### Aim of the exercise
The result should be the lines from the one holding "13A Outlook Drive, Doncaster image 4" to the final line of the records below, repeated exactly and with no pictures.

(Pictures with short captions)
===
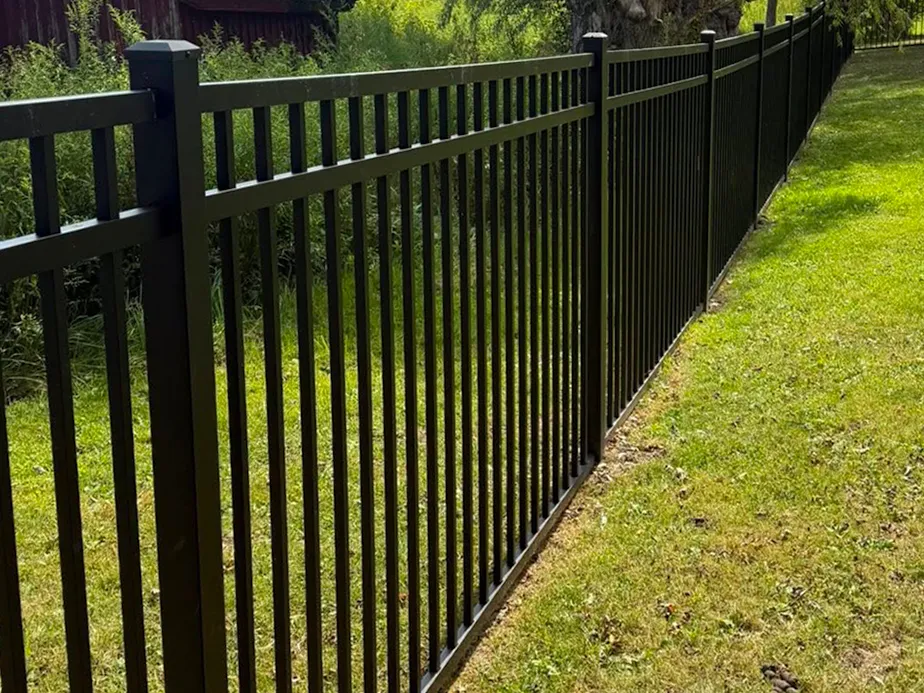Aluminum fence installation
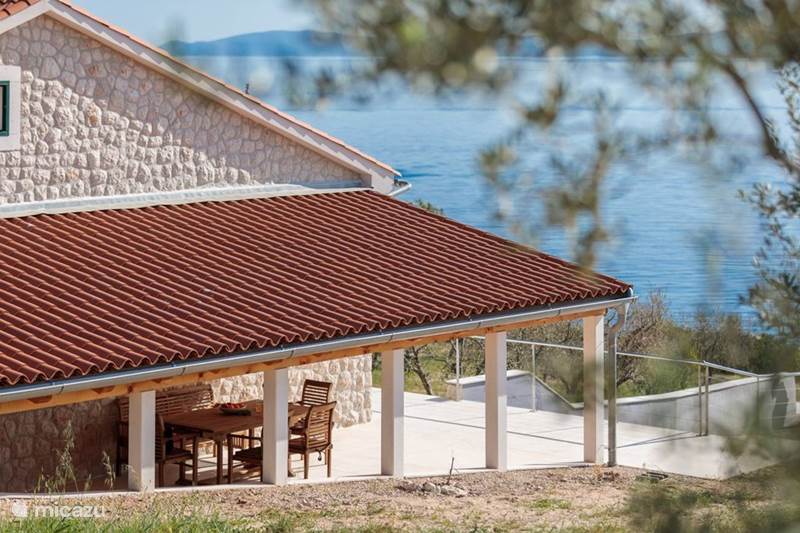 Vakantiehuis Kroatië, Dalmatië, Zizanj Villa Luxe villa Zinzanj op privé-eiland!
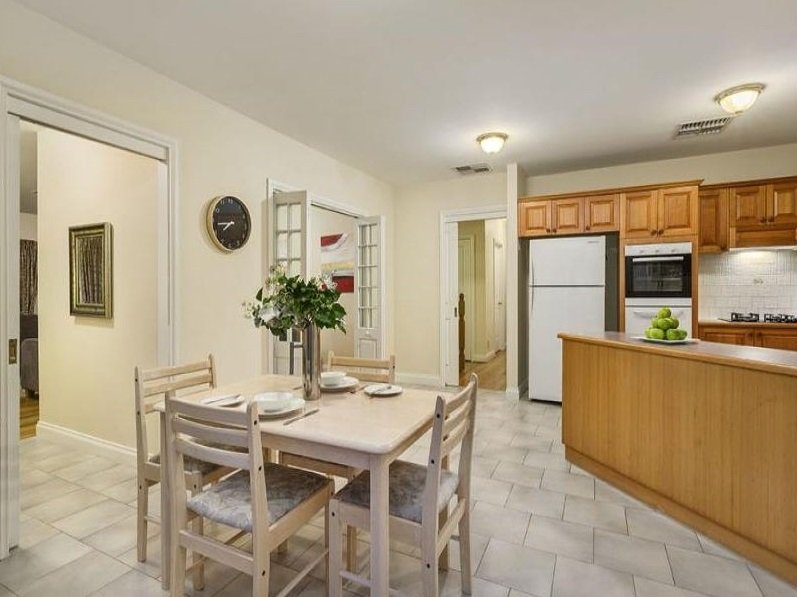 13A Outlook Drive, Doncaster image 4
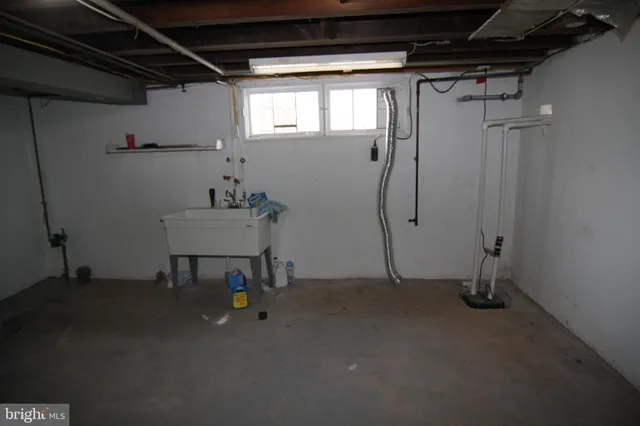 $300,000 | 709 Belair Circle, Norristown, PA 19401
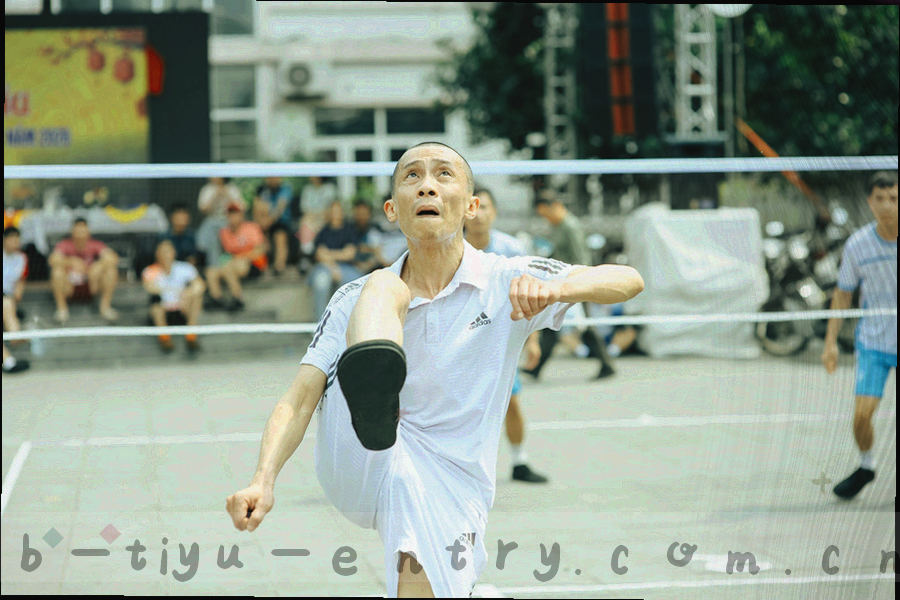夜间球场灯光从暗部亮起，草坪纹理清晰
===
### Written solution
 13A Outlook Drive, Doncaster image 4
 $300,000 | 709 Belair Circle, Norristown, PA 19401
夜间球场灯光从暗部亮起，草坪纹理清晰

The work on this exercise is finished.